_WHAT IS BEING ASKED_: Starting at the line that contains "Alright, this one's", copy every line to the end of the material below exactly, and omit the pictures.

_STUDY MATERIAL_:
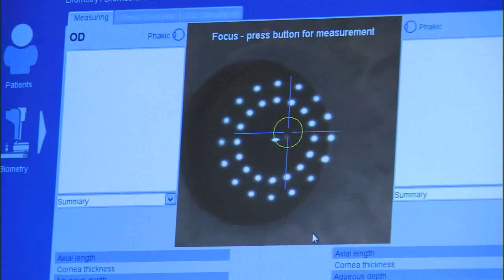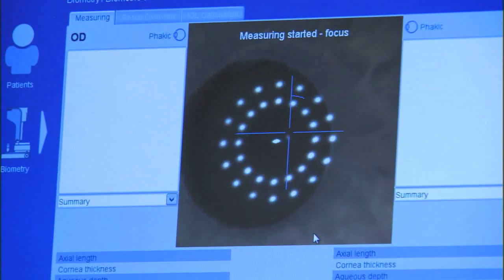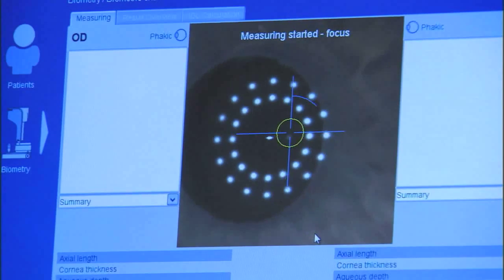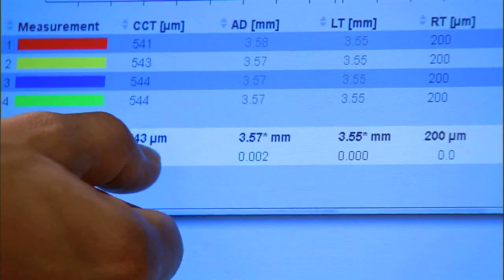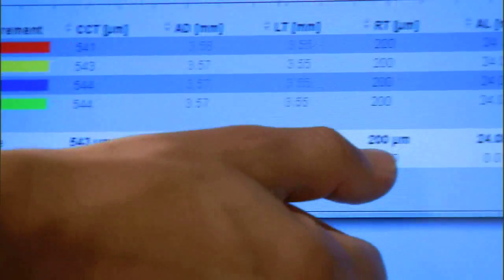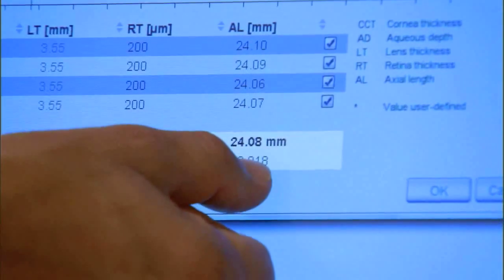With the occluder, fixation is made more naturally and scan time is improved. The axial length measurement features a great deal of advancement.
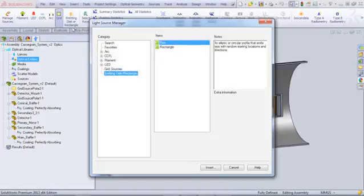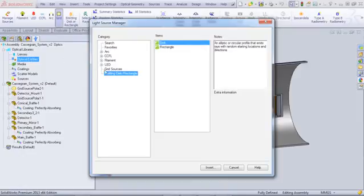We've added both Grid Sources and the new Emitting Disk and Rectangle to the Light Source Manager. These changes provide more consistency throughout the user interface, which results in enhanced ease of use.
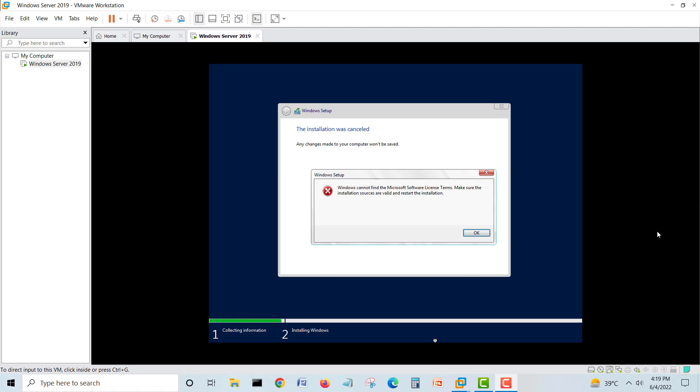Hello guys, this is Shahzad. A lot of people are having this issue when they try to install Windows Server 2019 in VMware Workstation.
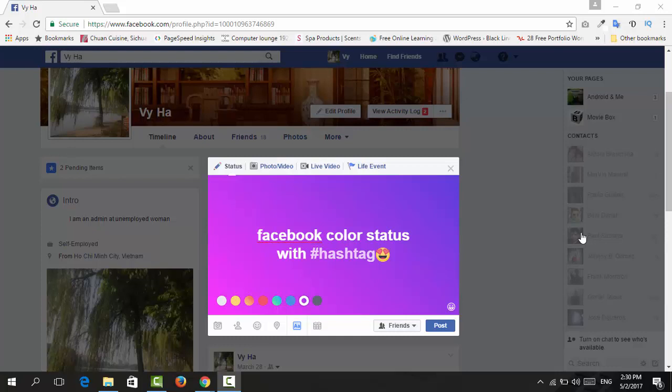the Facebook color status is now only available on web version of Facebook and Facebook app for Android. If anyone is on Windows phone or iOS device, they may have to use a third-party app to make the Facebook color status, but I don't recommend it. So this video is for Android users and Facebook web.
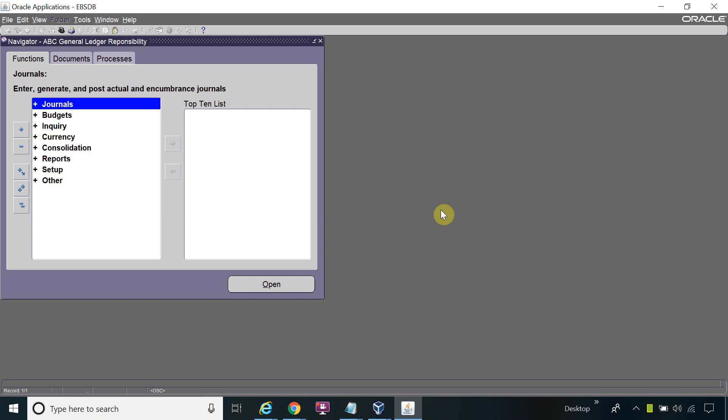Hi everyone. Today's topic is how to reverse a journal. Before reversing the journal, I will first create one journal, then I will reverse that same journal.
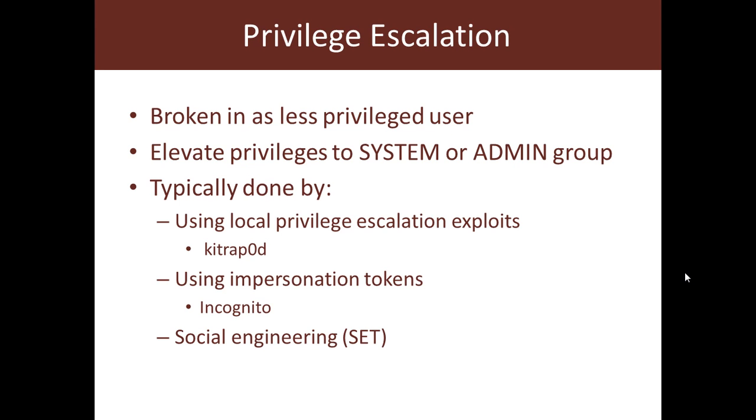Privilege escalation is typically done by either using some sort of a local privilege escalation exploit. There are a number of these exploits for various platforms including Windows, different flavors of Linux, Solaris and whatnot. In this specific example we will use the KITRAP0D exploit.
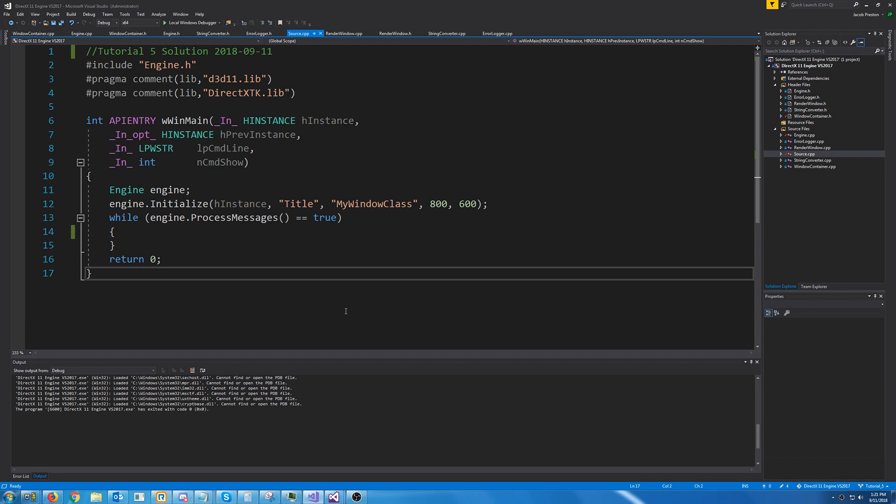Hello everybody and welcome to DirectX 11 tutorial 5. In this tutorial we are going to focus on creating a keyboard class and how we can read our keyboard messages from our engine.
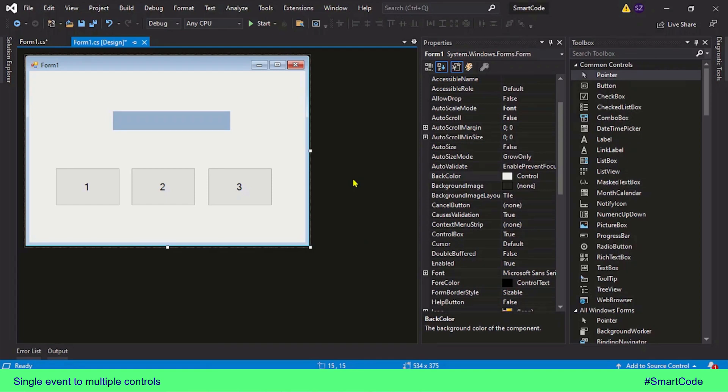Hello everybody, this is Salah and you're watching SmartCode. In this tutorial we are going to learn how to bind a single event to multiple controls, for example to bind a single click event to several buttons. It's a very useful coding strategy in several applications.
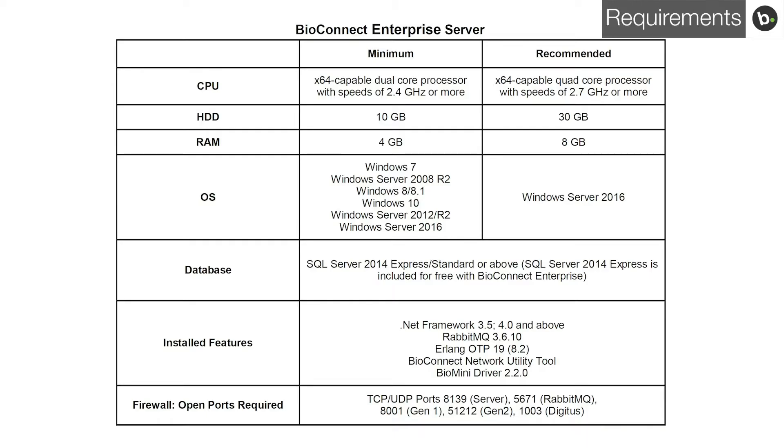Ensure that your server meets these requirements before installing BioConnect. You also need to make sure that your ACM version is not too old. To check ACM compatibility requirements, please refer to the BioConnect installation guide. Links to installation guides can be found in the description.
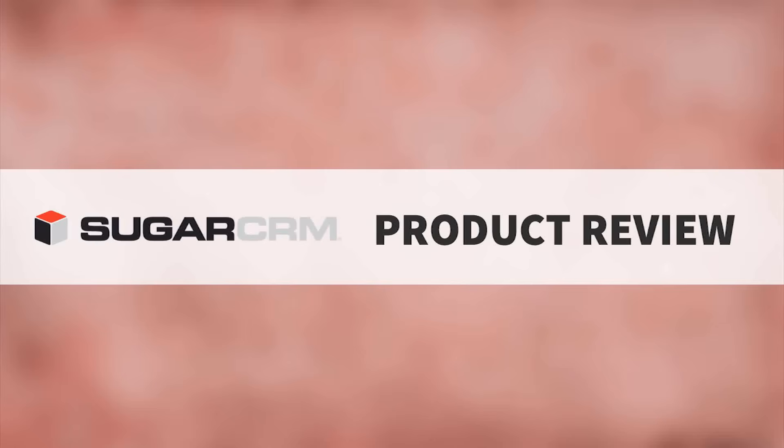Welcome! Today we'll be looking at SugarCRM, software that helps create and improve customer relationships with an affordable and flexible platform.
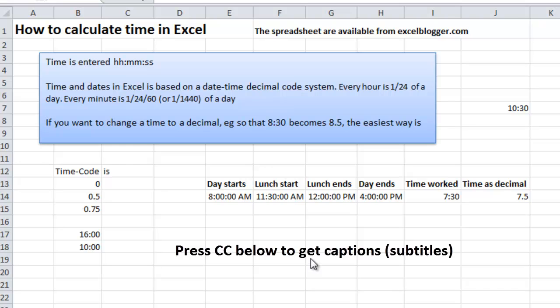Welcome to Excel Blogger. This is a short tutorial on how to calculate time in Excel.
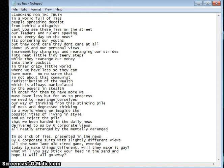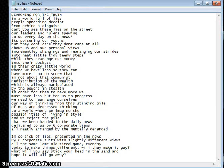Searching for the truth in a world full of lies, people spreading deceit from behind a disguise. Can't you see these lies on the street? Our leaders and rulers are spewing to us every day on the news, poisoning our youth.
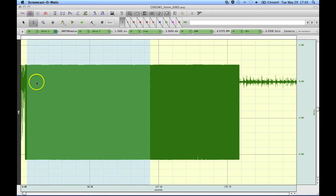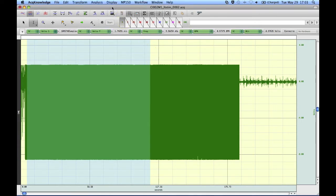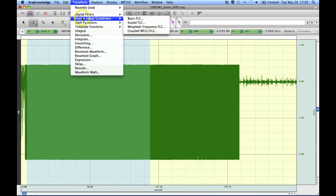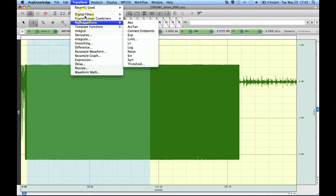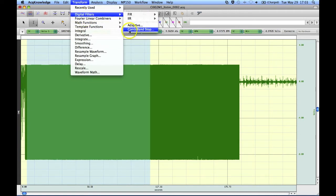But during the actual firing the signal was just swamped with the noise from the scanner. Now there's a very nice filter in Acknowledge that will allow us to remove a lot of this noise. But in order for that filter to work, the filter in question is the comb band stop filter.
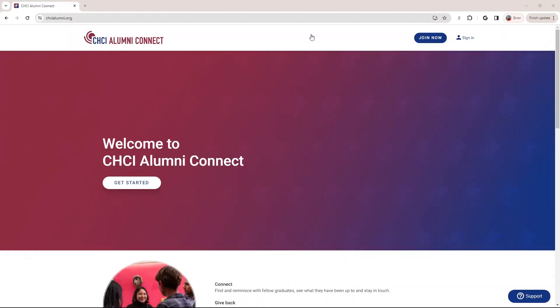Hi everyone, welcome. We're really excited to have you join our CHCI Alumni Connect platform. I'm going to be helping you understand the platform as well as learning how to create an account. So let's get started.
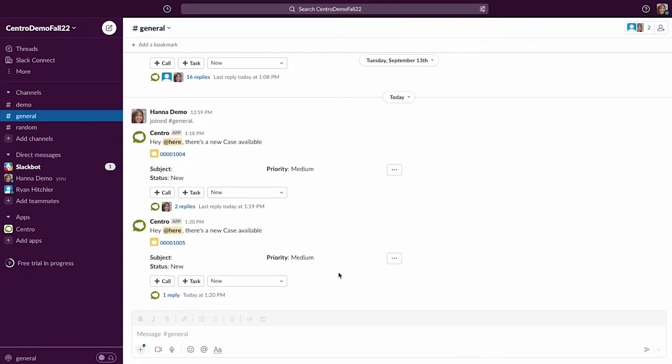Hi, I'm going to show today how to use Centro message thread workflow updates to update things in Salesforce.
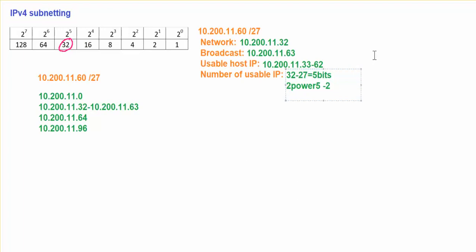So 2 power 5, my answer will be referred to here. 2 power 5 is 32 minus 2. This is my number of IP address that I can use, which is 30 host IP addresses that I can use for this /27 network, which is going to be 33 until 62.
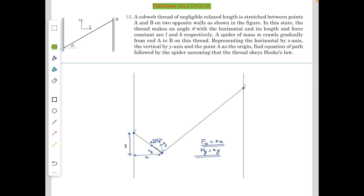Hello guys. In this video we are going to do a problem from Pathfinder chapter 2, which is Newton's laws of motion, check your understanding question number 12. You can look at it once before seeing the solution. In this problem, a cobweb thread of negligible relaxed length is stretched between points A and B on two opposite walls as shown in the figure. In this state, the thread makes an angle theta with the horizontal and its length and force constants are L and K respectively.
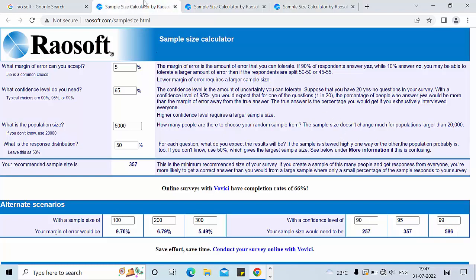Now we will take the next example. Here everything is the same: margin of error is 5%, confidence level is 95%, response distribution is 50%. Only the population size has been changed to 5,000. The recommended sample size according to Riosoft is now 357. Again, in the last row there are three different confidence levels — 90%, 95%, and 99% — and Riosoft has calculated the different sample sizes for each.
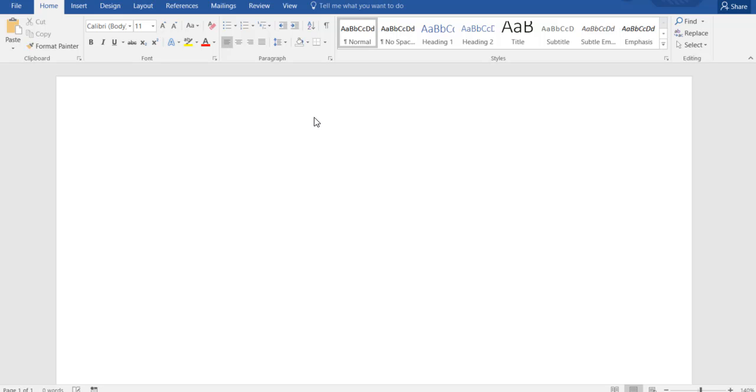Hi there folks, this is the Microsoft Wizard back with another tip here in Microsoft. Today we're going to be working in Word and the question comes from a gentleman who's looking to set up flashcards so that he can learn terminology a lot quicker.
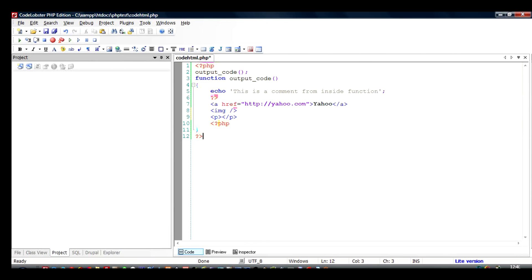So that's it. I think it makes life very easy for you and you can go ahead and create your own HTML code inside your PHP files. Thank you.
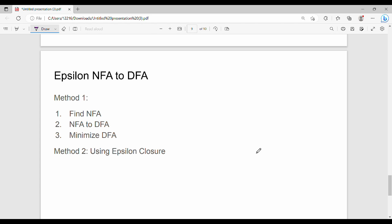Hi. In the last video we covered Epsilon NFA to NFA conversion. This video is on Epsilon NFA to DFA conversion. After the semester, we have two types of questions. Method 1: if you have a specific question, form an NFA from the given Epsilon NFA and then convert that NFA to DFA.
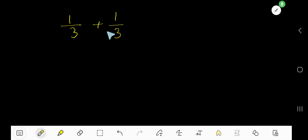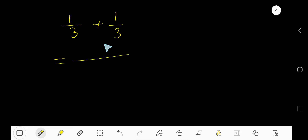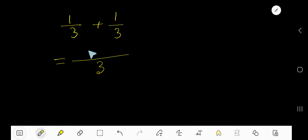To add 1 over 3 plus 1 over 3 — to add fractions, we need to have a common denominator. So, already we have a common denominator. So, how to add? Just take the common denominator and just add the numerators.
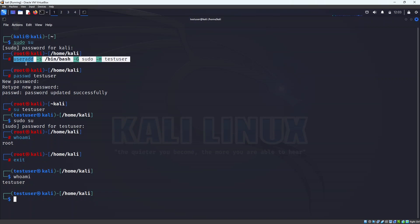The single-line command is: 'useradd -s /bin/bash -G sudo -m testuser'. The '-s' sets the shell to bash, '-G' adds the user to the sudo group, and '-m' creates a home directory. You could keep '-s', '-G', and '-m' together as one option, but keeping them separate makes it clearer. So now you can create any user you want, either using multiple commands or a single line command.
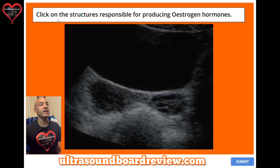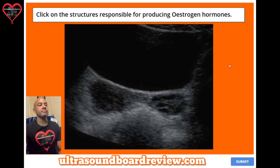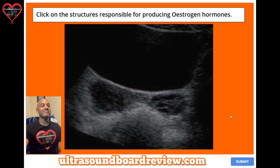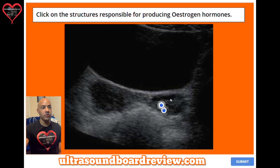Question 28. Click on the structures responsible for producing estrogen hormones. There are four follicles demonstrated in this image, and each one of these is responsible for producing estrogen.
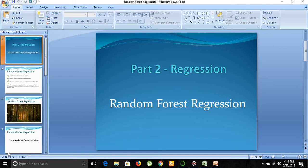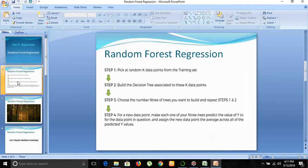Welcome to the Machine Learning the Future course. In this part we'll be looking at random forest regression. Random forest regression is based on four steps. The first step is to pick random points from your training dataset, and then you build a decision tree out of those points.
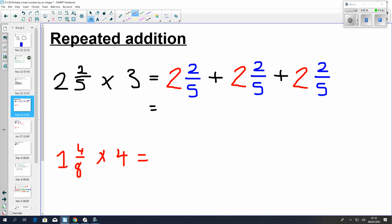That's the same as we've got 2 wholes, 4 wholes, 6 wholes. So 6 wholes, and then we end up having 6 fifths. Now, we can't actually have that as our mixed number. Why? We can't have an integer, a whole, and an improper fraction. It doesn't make sense because we've got too many wholes.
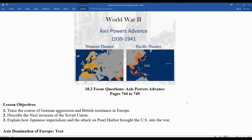Mr. Clark's back. Time to take a look at how the Axis powers begin to advance in World War II.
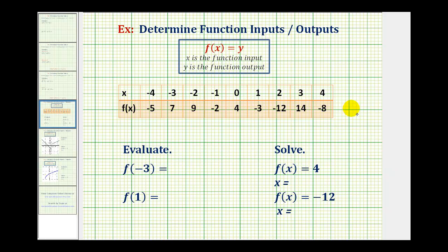In this example, we have a table that represents our function f of x, and we're asked to evaluate function values and also to solve for x given a function value. When working with function notation, it's important to remember that f of x is equal to y, where x is the input for the function and y is the output of the function.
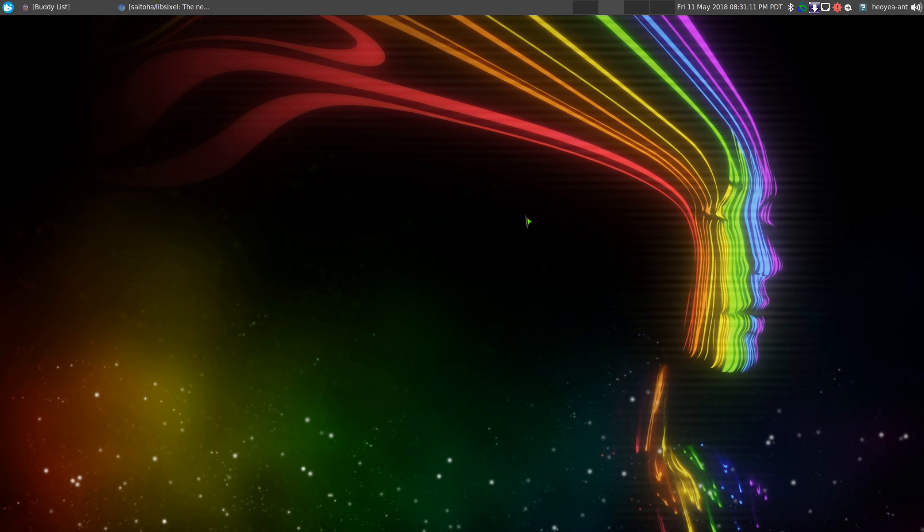Alright, this one's going to be on Sixel. It's a way to get images in your terminal. More specifically, you can do animated images because we can already do images before, but animated gifs and some of that hasn't been done. So this one can actually do it here.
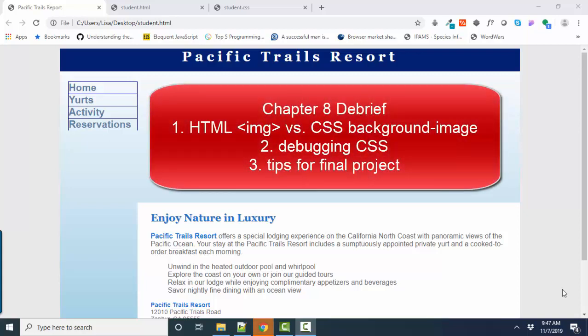Hello, world. This is Lisa Fredrickson, your friend and computer science professor, with a short screencast on our Chapter 8 Pacific Trails Project. I'm also going to cover some tips for your final project and also some tips on how to debug CSS issues.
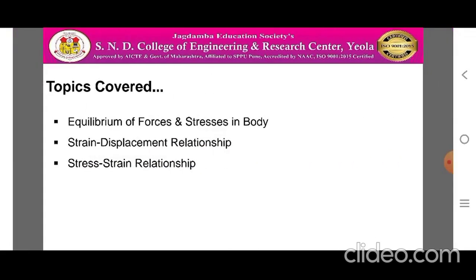Here are the topics we have to cover in today's session. Topic one is equilibrium of the forces and stresses in a body. Then we have to cover strain-displacement relationship and stress-strain relationship.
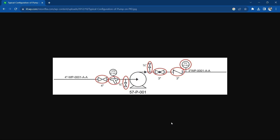Hello friends, welcome to my channel Piping Engineering 3D. In today's session we will create the pump suction line. In the previous video we were not able to add the strainer because it was not available for that certain spec, so we will again try to add this strainer and create this line.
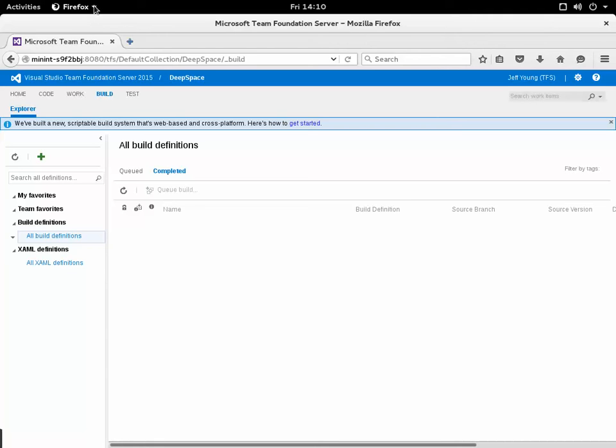In this video I'll demonstrate how to create a build definition that pulls source code from a Subversion repository. What I have set up here is a Team Foundation project called Deep Space. The build definition I'm going to create will pull my project's Java source code out of the Subversion repository.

_YOUR RESPONSE_:
Alright, this one's going to be on Sixel. It's a way to get images in your terminal. More specifically, you can do animated images because we can already do images before, but animated gifs and some of that hasn't been done. So this one can actually do it here.
Hello, world. This is Lisa Fredrickson, your friend and computer science professor, with a short screencast on our Chapter 8 Pacific Trails Project. I'm also going to cover some tips for your final project and also some tips on how to debug CSS issues.
Here are the topics we have to cover in today's session. Topic one is equilibrium of the forces and stresses in a body. Then we have to cover strain-displacement relationship and stress-strain relationship.
Hello friends, welcome to my channel Piping Engineering 3D. In today's session we will create the pump suction line. In the previous video we were not able to add the strainer because it was not available for that certain spec, so we will again try to add this strainer and create this line.
In this video I'll demonstrate how to create a build definition that pulls source code from a Subversion repository. What I have set up here is a Team Foundation project called Deep Space. The build definition I'm going to create will pull my project's Java source code out of the Subversion repository.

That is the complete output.